L’ordinamento penale italiano è permeato dalla volontà di perseguire e sanzionare fatti antigiuridici, colpevoli e punibili. Il fulcro del sistema è il reato, non il reo. Eppure, la pericolosità sociale e la ritenuta propensione di certi soggetti alla commissione di reati sono concetti che legittimano, sotto il benestare della Costituzione, l’applicazione di sanzioni penali anche in assenza di una condanna: questo articolo si propone di analizzare l’istituto delle misure di sicurezza personali, tanto invasive quanto risalenti nel nostro Codice penale.

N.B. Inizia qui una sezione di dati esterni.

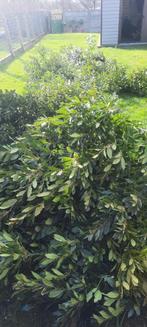 Laurier Sauce, Jardin & Terrasse, Laurier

Il retroterra storico-filosofico dell’istituto
Le misure di sicurezza costituiscono una particolare categoria di sanzioni penali, presenti nel nostro codice penale sin dal 1930, le cui origini sono risalenti nel tempo. Infatti, il fondamento filosofico-dottrinale di queste misure, come vedremo molto invasive, è da rintracciare nella c.d. Scuola positiva, una corrente sviluppatasi a cavallo tra il XIX e il XX secolo e che ravvisa le radici del fenomeno criminale nel concetto dell’ “uomo delinquente”: l’attacco di questo pensiero dottrinale è proprio al diritto penale “del fatto”, oggi non più in discussione e principio ispiratore dell’intera normativa penale, a favore invece del diritto penale che avversi i c.d. soggetti socialmente pericolosi.
La lotta alla criminalità, nella sostanza, dovrebbe rivolgersi non contro il reato, quanto contro il reo, a valle di una tipizzazione delle persone socialmente pericolose, e in un’ottica di assoluta prevenzione di condotte illecite, attuata tramite la previsione di sanzioni (pene o misure di sicurezza) forti e dissuasive.
Come sappiamo, questa corrente dottrinale non ha avuto la meglio nel nostro Paese, che ha deciso con saggezza di restare ancorato a dei pilastri ben noti: nullum crimen sine lege, nulla poena sine lege; diritto penale del fatto; funzione rieducativa della pena; principio di colpevolezza. Tra gli istituti giuridici ancora oggi vigenti, però, la misura di sicurezza è quello che più resta imperniato sull’idea di pericolosità sociale, tanto delle persone quanto delle cose (abbiamo dunque misure personali e misure patrimoniali).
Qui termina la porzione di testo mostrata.